If you work in a (moving) local reference frame this shouldn't be a problem though. You might also try to use a polyline (x,y points) to represent your reference path. This is something I'd like to have implemented in this repo in the near future. However, this would require to rewrite the transformation functions and you would still have to work in a local (moving) reference frame.

High curvature could also be a problem but from the image you provide, the curvature seems not that large - although I don't know the value :-)

I am not entirely sure if the bijection thing leads to your problem but you could try using a reference path with similar curvature only this time let your robot travel in the the first quadrant similar to this:

Animation


[hcv1027]

Hi @fjp , thanks for your reply. For the one x could map to multiple y problem, I already fixed it by using two spline function: spline_x(s)->x and spline_y(s)->y to skip this problem. In the d = 0 case, the x, y calculated from spline_x(s)->x and spline_y(s)->y are basically fall on the original reference path. The reason why I guess the problem is caused by curvature are coming from below two images, they both show the very similar effect (both coming from wiki):

But even the problem is coming from curvature, I still don't know how to fix it.

[fjp]

You're right, I forgot that this formula from wikipedia is used in the spline class to calculate the curvature. It isn't that exact to calculate the curvature this way. Another approach is to use for example a clothoid where it is possible to get the exact curvature at a specific s coordinate (running length). Maybe you could try to fit clothoids to your reference path (which is not that easy) and use them as your reference path. However, this would again require to modify the transformation methods. And even then it seems you get into trouble with too high curvatures... Let me cite the main reference (Optimal Trajectory Generation for Dynamic Street Scenarios in a Frenet Frame) of this approach:

In addition, we denote the curvature as κr and assume that we travel along the center line excluding extreme situations, sucht hat ||∆θ||<π2, with ∆θ:=θx−θr, and 1−κrd>0 at all times.

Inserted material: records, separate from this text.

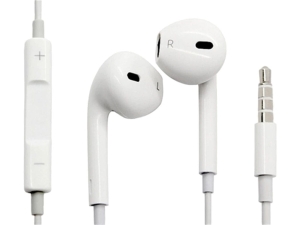 Słuchawki do iPHONE 5 SE 6 6S EARPODS jack 3,5mm MNHF2ZM A1472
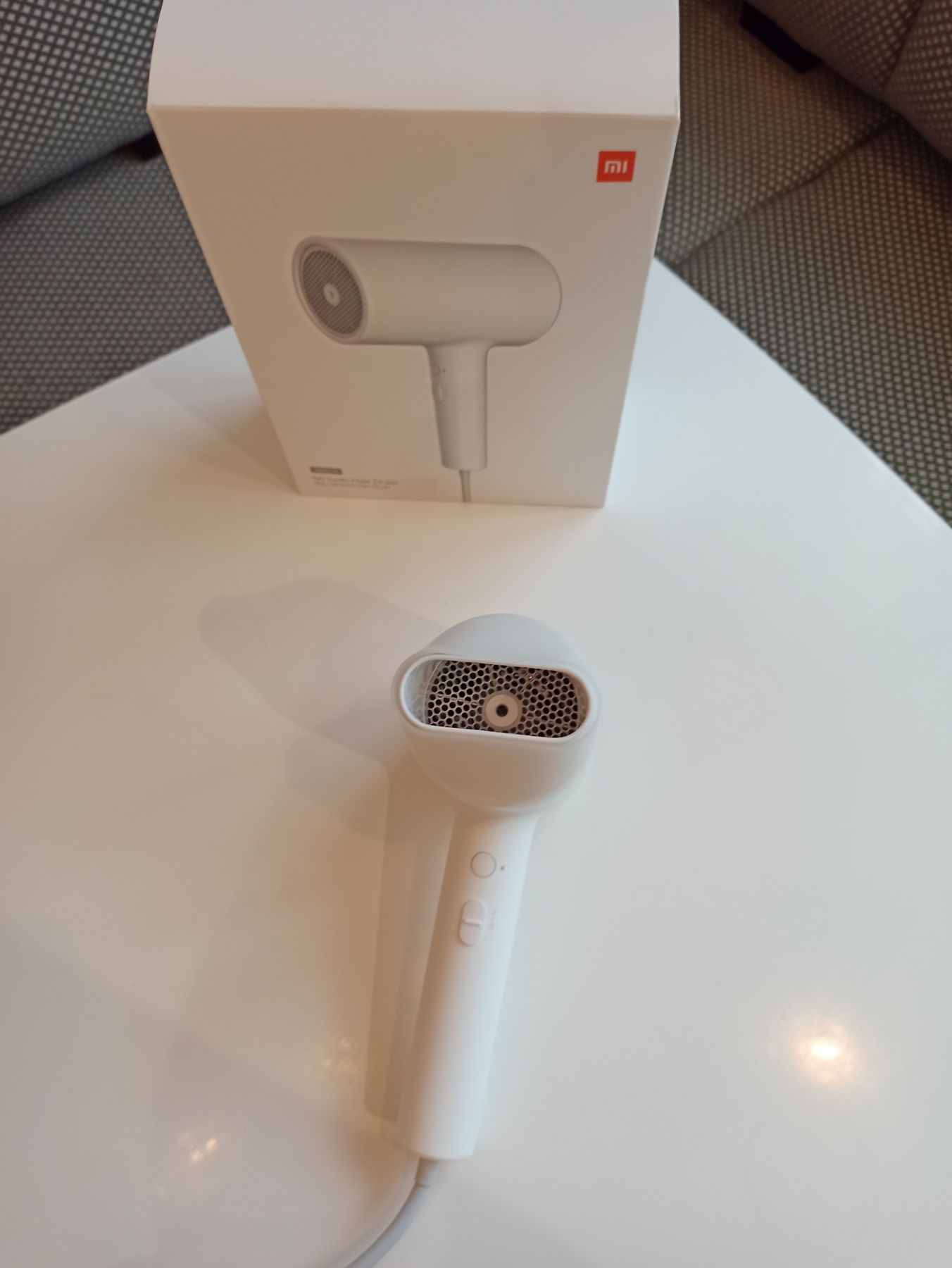 Фен xiaomi mi ionic hair dryer обзор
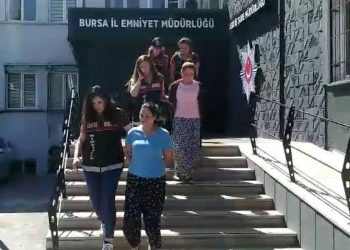 Daire daire gezerek 5 milyonluk hırsızlık yaptılar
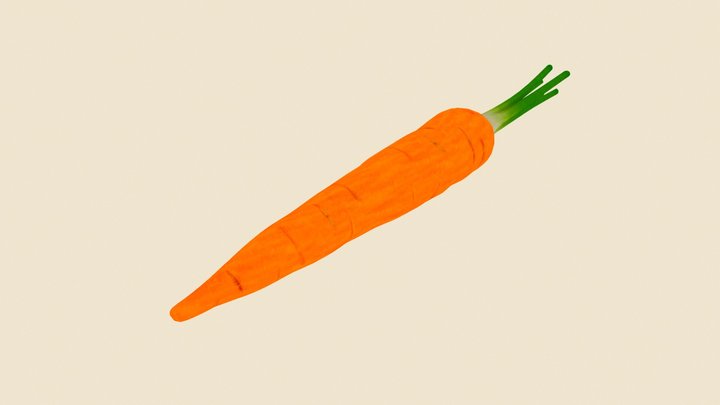 Carrot – Modelo 3D gratuito STL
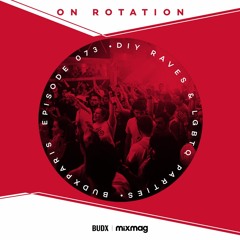 On Rotation 073: DIY raves and LGBTQ parties in Paris with BUDX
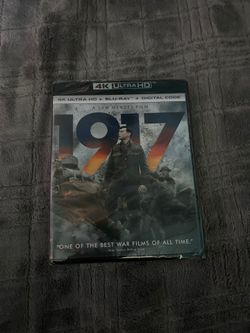 1917 4k ultra HD, BluRay, digital copy movie bundle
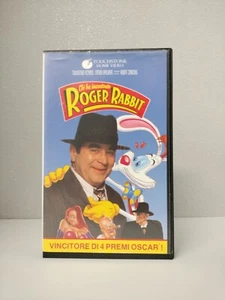 CHI HA INCASTRATO ROGER RABBIT VHS - Picture 1 of 4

I am not entirely sure because I don't know the values you get for ∆θ, κr or d, but I guess one of these constraints are not met in your case. Unfortunately there are no further details in the paper on how to deal with this. If there's no hard requirement on your side to use the Frenet space, I'd also try to stay in the Cartesian frame. However, I know that planning can be much simpler in the Frenet frame.

[smichr]

This hasn't been active for a while, but have you looked at the Centripetal Catmull-Rom spline? Here it is applied separately to the x and y coordinate of points in blue to give the reconstructed green path:

Note that the first and the last point (which are omitted from the interpolation) happen to the the same at (-3,10). I was experimenting with this here.